Data for processing:
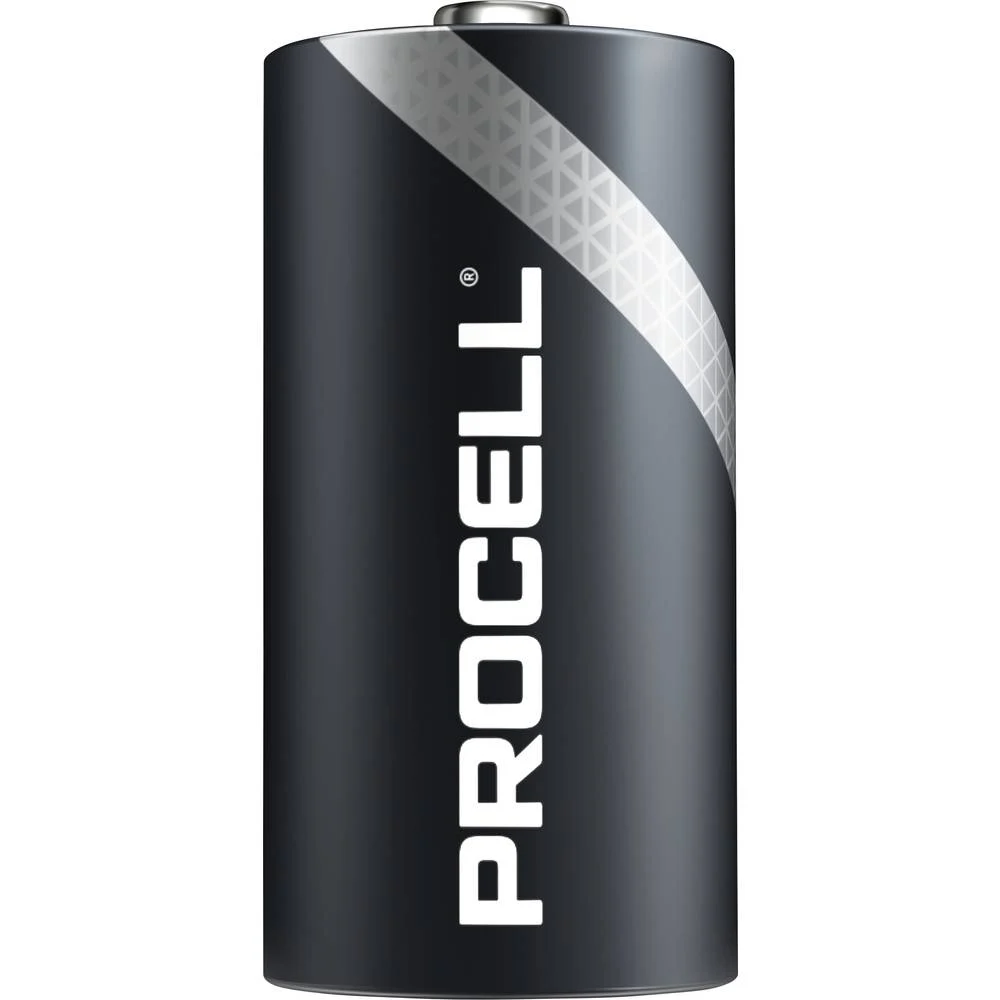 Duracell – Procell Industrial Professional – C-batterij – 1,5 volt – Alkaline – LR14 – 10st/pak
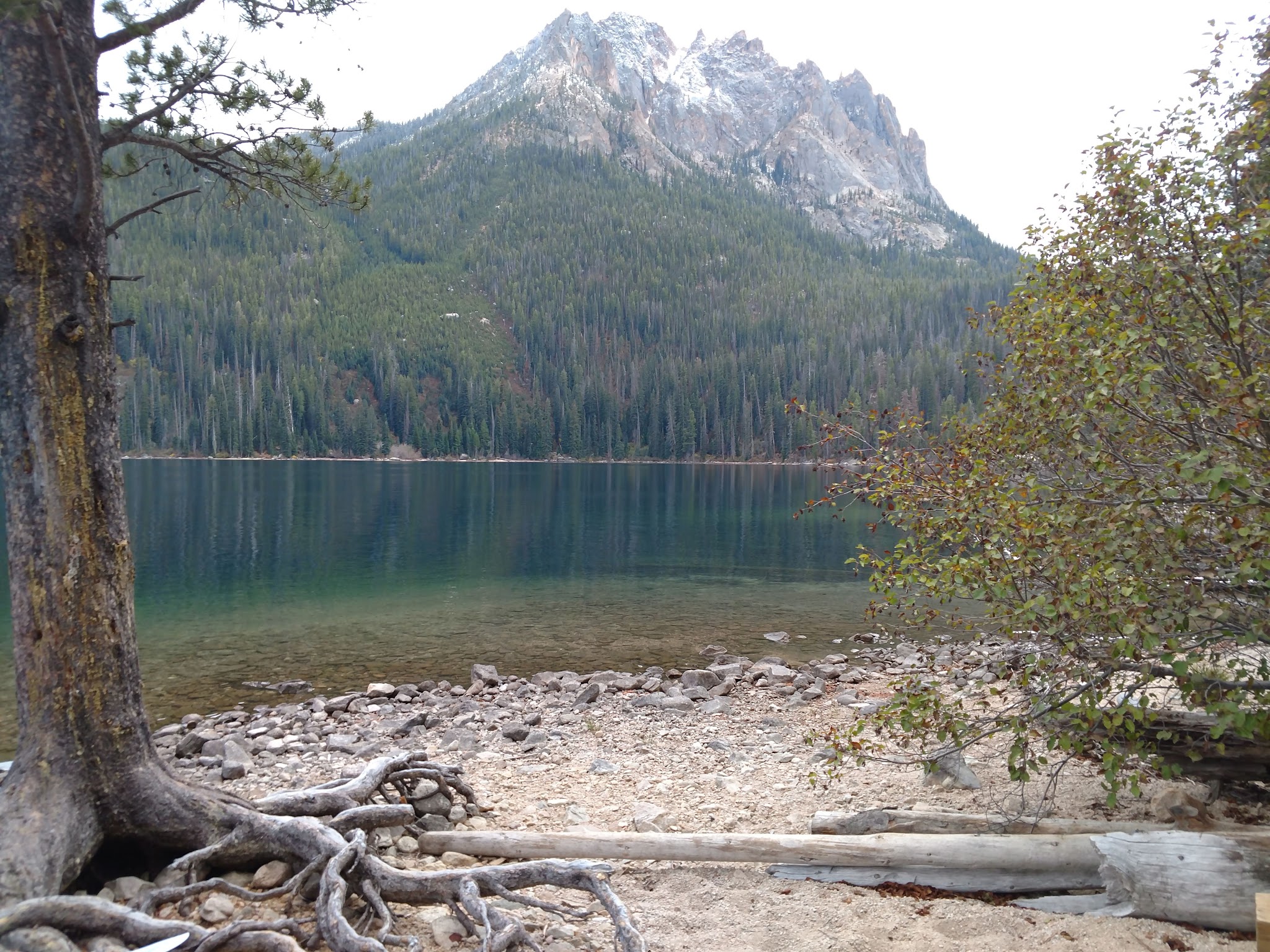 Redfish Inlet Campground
---
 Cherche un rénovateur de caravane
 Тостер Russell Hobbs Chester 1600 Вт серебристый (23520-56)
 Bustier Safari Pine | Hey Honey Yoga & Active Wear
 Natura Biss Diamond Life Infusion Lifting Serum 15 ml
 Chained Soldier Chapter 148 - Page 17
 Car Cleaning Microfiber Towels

Task:
Although the records above contain pictures, the copy should not; retype exactly the lines from the one containing "Duracell – Procell" through the one containing "Redfish Inlet Campground".

Output:
 Duracell – Procell Industrial Professional – C-batterij – 1,5 volt – Alkaline – LR14 – 10st/pak
 Redfish Inlet Campground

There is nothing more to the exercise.